__Task details__. Using the entries below, copy exactly each line from the line with "In the past, those" up to and including the line with "The Harlem Meer", with every picture left out.

__Available records__.
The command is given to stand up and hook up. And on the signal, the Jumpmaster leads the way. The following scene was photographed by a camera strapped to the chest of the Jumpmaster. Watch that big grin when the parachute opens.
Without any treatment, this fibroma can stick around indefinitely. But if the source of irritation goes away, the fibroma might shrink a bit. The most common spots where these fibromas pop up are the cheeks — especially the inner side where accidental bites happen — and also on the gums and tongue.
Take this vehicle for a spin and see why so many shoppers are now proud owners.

---

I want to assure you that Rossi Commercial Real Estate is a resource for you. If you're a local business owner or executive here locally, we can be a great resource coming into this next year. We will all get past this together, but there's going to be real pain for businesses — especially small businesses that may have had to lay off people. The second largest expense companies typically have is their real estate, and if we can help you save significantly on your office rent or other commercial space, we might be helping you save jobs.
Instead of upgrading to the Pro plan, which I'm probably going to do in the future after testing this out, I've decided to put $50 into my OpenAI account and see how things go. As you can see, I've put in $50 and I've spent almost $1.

...

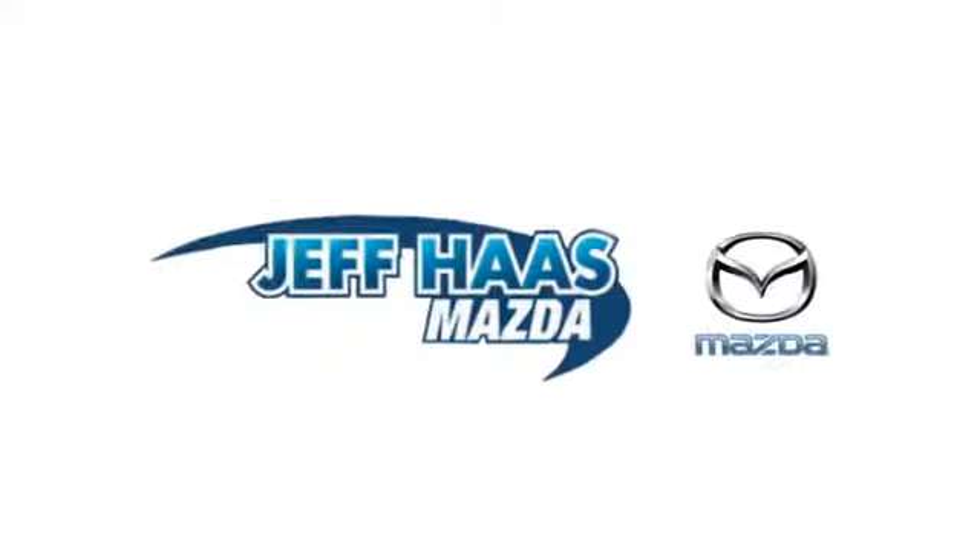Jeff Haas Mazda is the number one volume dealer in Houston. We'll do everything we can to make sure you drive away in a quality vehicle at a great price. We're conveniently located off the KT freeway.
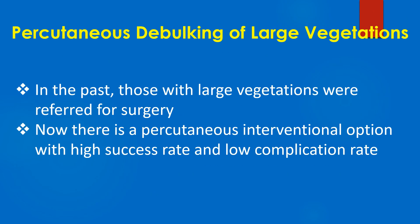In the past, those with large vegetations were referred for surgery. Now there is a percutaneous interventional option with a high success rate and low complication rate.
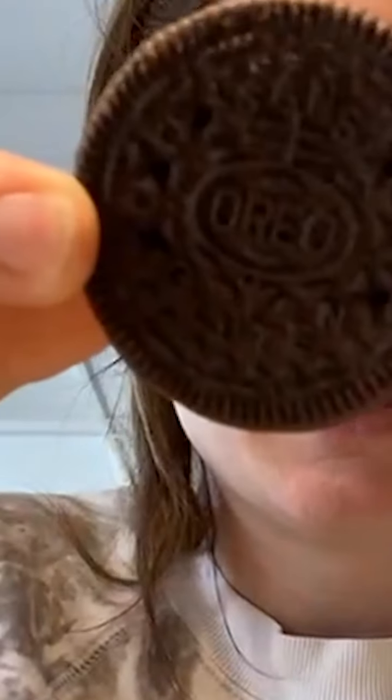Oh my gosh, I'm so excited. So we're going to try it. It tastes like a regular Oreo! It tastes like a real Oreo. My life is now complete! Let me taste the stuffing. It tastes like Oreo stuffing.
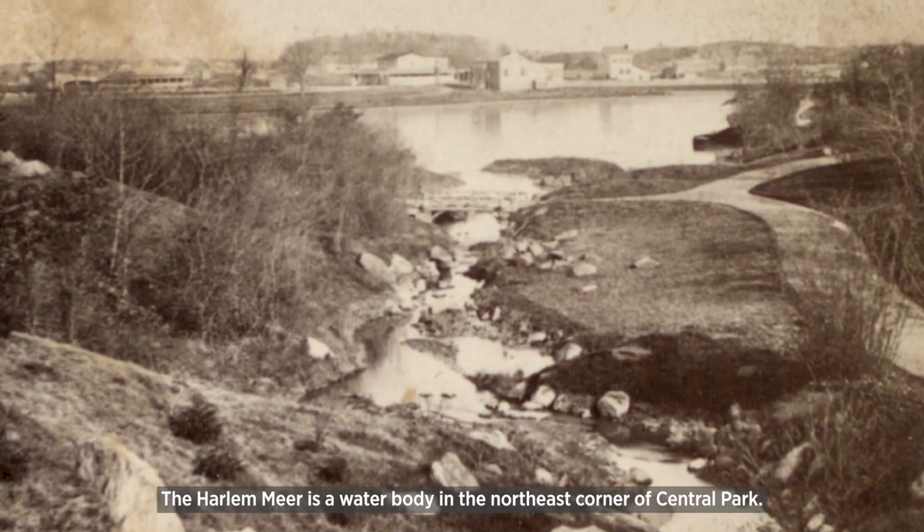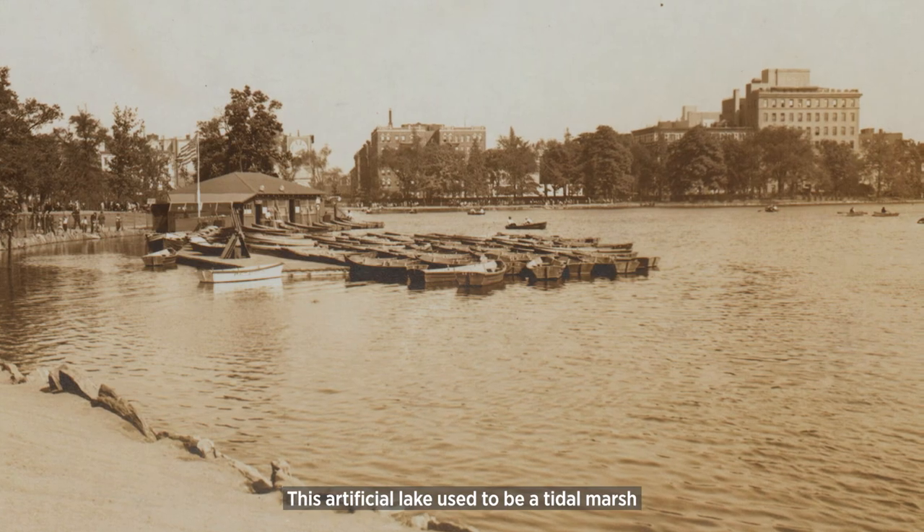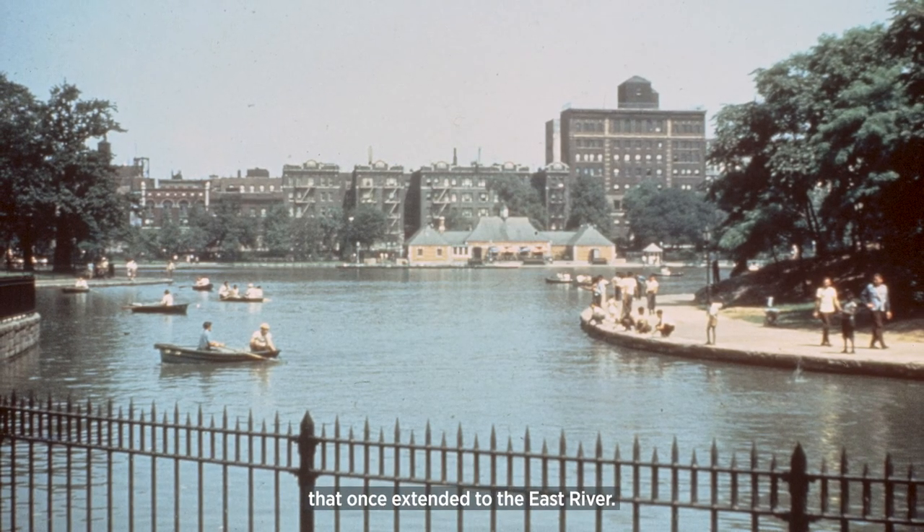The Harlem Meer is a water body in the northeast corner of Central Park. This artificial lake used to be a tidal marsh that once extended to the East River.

__Answer__.
In the past, those with large vegetations were referred for surgery. Now there is a percutaneous interventional option with a high success rate and low complication rate.
Oh my gosh, I'm so excited. So we're going to try it. It tastes like a regular Oreo! It tastes like a real Oreo. My life is now complete! Let me taste the stuffing. It tastes like Oreo stuffing.
The Harlem Meer is a water body in the northeast corner of Central Park. This artificial lake used to be a tidal marsh that once extended to the East River.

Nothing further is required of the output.